Stata: Using generate to create new variables

Generating New Variables

The primary method for creating new variables in Stata is the generate command. Load the auto dataset.

clear
sysuse auto
describe

Results-auto.dta_1.jpg

New Variable from Existing Variables

Let’s create a new variable that is the sum of weight and length (ignore for the moment that summing weights and lengths doesn’t make a ton of sense). Simple with generate. The syntax of generate is:

generate nameOfNewVariable=whateverTheNewVariableIsEqualTo

So to create a new variable called weightlength that is the sum of weight and length we type:

generate weightlength = weight+length

Now we have new variable called weightlength.

Results-auto.dta-21.jpg

Suppose now that we want to create a new variable that is the square of weight.
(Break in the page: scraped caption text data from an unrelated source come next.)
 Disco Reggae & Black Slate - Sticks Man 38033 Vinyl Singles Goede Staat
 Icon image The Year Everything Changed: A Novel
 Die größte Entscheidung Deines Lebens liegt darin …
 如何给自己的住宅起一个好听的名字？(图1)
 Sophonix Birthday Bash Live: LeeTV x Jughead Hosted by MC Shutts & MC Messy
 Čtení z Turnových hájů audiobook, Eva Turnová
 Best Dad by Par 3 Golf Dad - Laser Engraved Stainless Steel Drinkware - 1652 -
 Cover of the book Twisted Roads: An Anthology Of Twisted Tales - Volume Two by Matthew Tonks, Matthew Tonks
generate weight2 = weight^2

New Variable that is a Constant

Suppose we want to create a new variable that is a constant value (this isn’t necessarily a good idea and you can use macros to store constants but using a variable can be pretty convenient too). Let’s make a new variable x that is equal to 100.

generate x = 100

Let’s create a new variable that is equal to the mean of weight – we’ll call it meanweight.

summarize weight

Results-auto.dta-3.jpg

generate meanweight = 3019.459

You can also use the results of the summarize command to create a mean.

Viewer-1-help-summarize-1.jpg

summarize weight
generate meanweight = r(mean)

You can use the _N operator to create a new variable that is equal to the number of observations in a dataset.

generate obs = _N

If you combine this with by you can create a new variable that will be equal to the number of observations within the levels of the by variable. For example, we can type:

by foreign: generate obs = _N

This will create a variable that is a constant within the levels of foreign. That is, we are going to get the number of foreign cars and the number of domestic cars. If a line in the data is associated with foreign cars the new obs variable will have a value of 22 and domestic cars will have a value of 52. Give it a try and see how it works.
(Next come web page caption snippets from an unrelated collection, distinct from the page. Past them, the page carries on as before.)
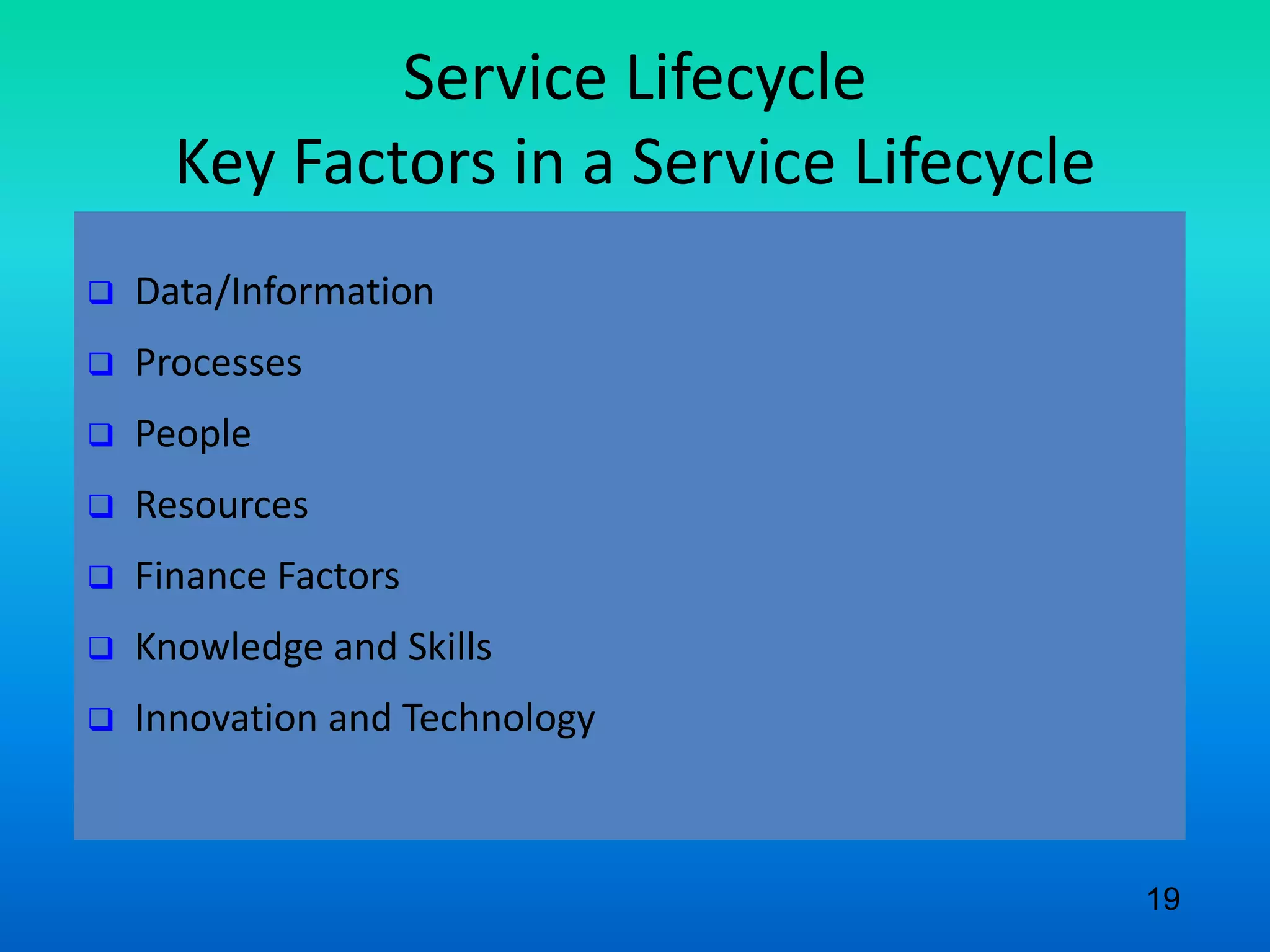 Service Lifecycle
Key Factors in a Service Lifecycle
 Data/Information
 Processes
 People
 Resources
 Finance Factors
 Knowledge and Skills
 Innovation and Technology
19
 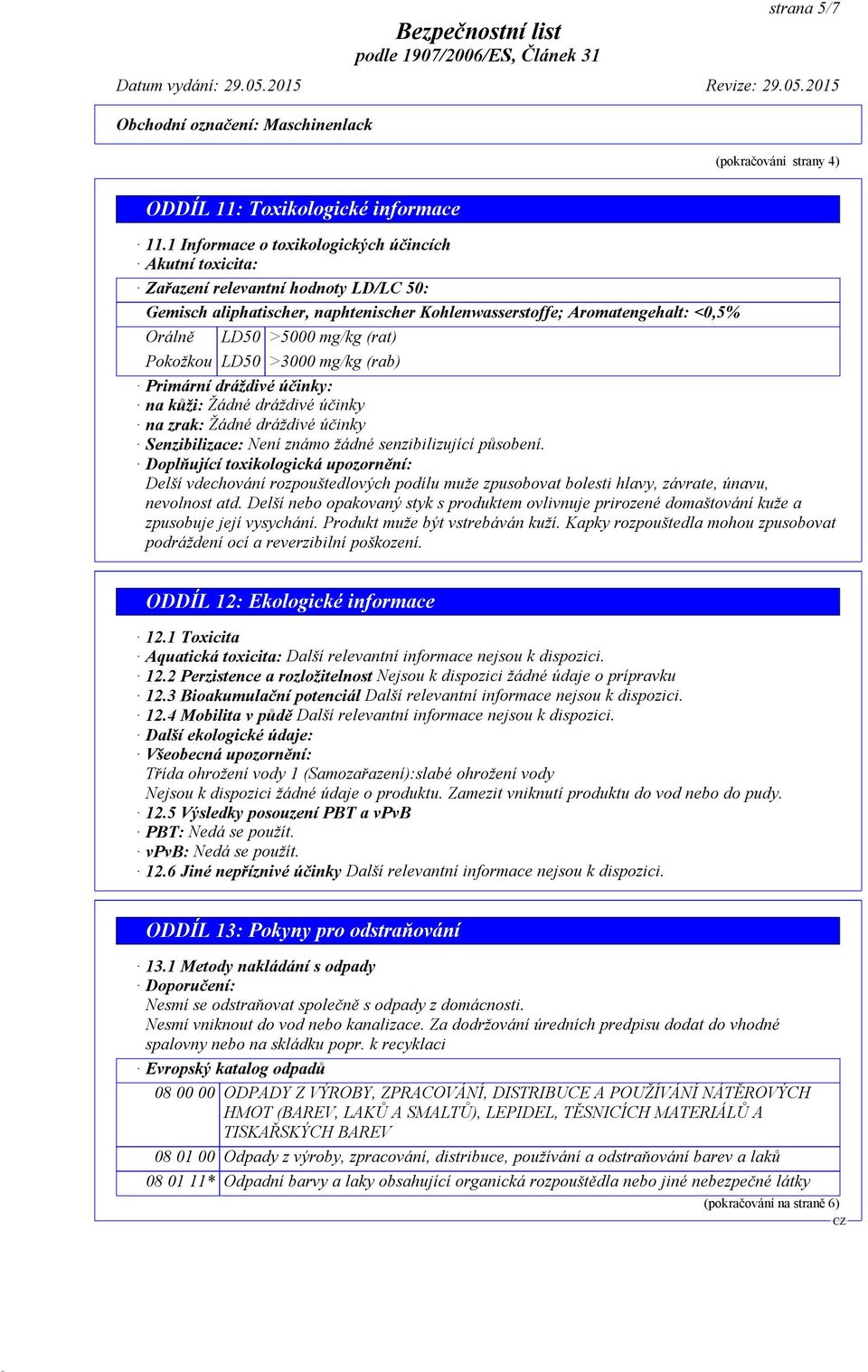 (rat) Pokožkou LD50 >3000 mg/kg (rab) Primární dráždivé účinky: na kůži: Žádné dráždivé účinky na zrak: Žádné dráždivé účinky Senzibilizace: Není známo žádné senzibilizující působení.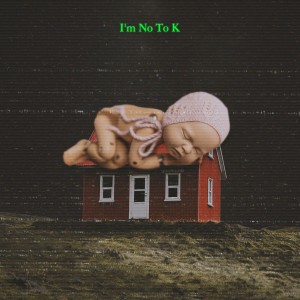 收听임다이的Im No To K (안 괜찮아)歌词歌曲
New Variable that is a Random Draw from a Distribution

We can create a new variable that is a random draw from a distribution. Let’s create a new variable whose values will be random draws from a normal distribution with a mean of 0 and a standard deviation of 1. The random normal generator command is rnormal() (it defaults to a mean of 0 and standard deviation of 1 and it will draw as many values as there are observations in the dataset).

generate random = rnormal()

Create a New Variable that Indexes the Observations

You can use the _n operator to create a variable that indexes the observation number.

generate index = _n

This will create a new variable that runs from 1 to 74. You can combine this with by to create an index within another variable.

by foreign: index = _n

This will create a new variable that runs from 1 to 52 for domestic cars and 1 to 22 for foreign cars.

Conclusion

I’ve just touched on the ways you can create new variables. You can also use the egen command to create new variables. Try new ways to create variables and be sure to read the help files.